Mary-Louise Parker: The town was in the middle of the deep South. The summers were long and the months of winter cold were very few. Nearly always the sky was a glassy, brilliant azure and the sun burned down riotously bright. Then the light, chill rains of November would come, and perhaps later there would be frost and some short months of cold. The winters were changeable, but the summers always were burning hot. The town was a fairly large one. On the main street there were several blocks of two- and three-story shops and business offices. But the largest buildings in the town were the factories, which employed a large percent¬age of the population. These cotton mills were big and flourish¬ing and most of the workers in the town were poor. Often in the faces along the streets there was the desperate look of hunger and of loneliness.

Alan Arkin: It’s about isolation and the desperate need for people to jump out of that situation.

Ethelbert Miller: It’s a book that in which is dealing with poverty as a theme: its poverty in the South. It’s a thing in terms of, how do we organize to improve our condition.

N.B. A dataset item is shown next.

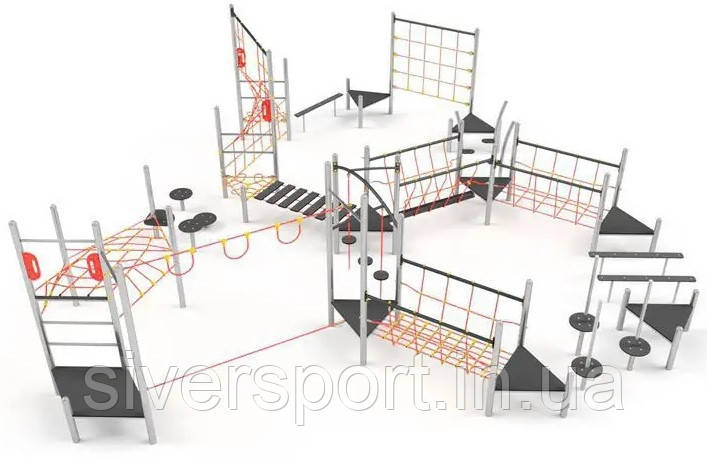 Канатний комплекс "Смуга перешкод" SiverSport RC20, фото 1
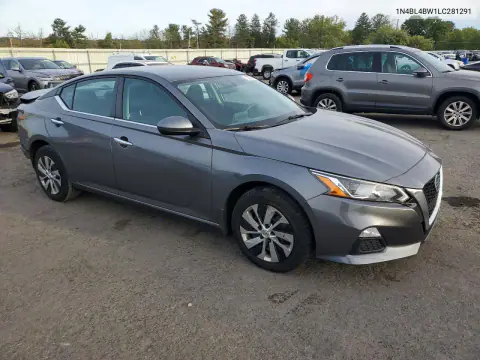 2020 Nissan Altima S VIN 1N4BL4BW1LC281291 фото 4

Blake Hazard: It takes the perspective of a number of different characters living in this small town in the south who are so isolated—not just from the rest of the world in the sense of being in a rural setting—but really from one another.

Jim White: It’s a character-driven novel with beautiful portraits, compassionate portraits of people who don’t normally get portrayed.

Edward Albee: The title describes it pretty well: the ultimate impossibility of really making complete contact with anybody, and you have to find it within yourself.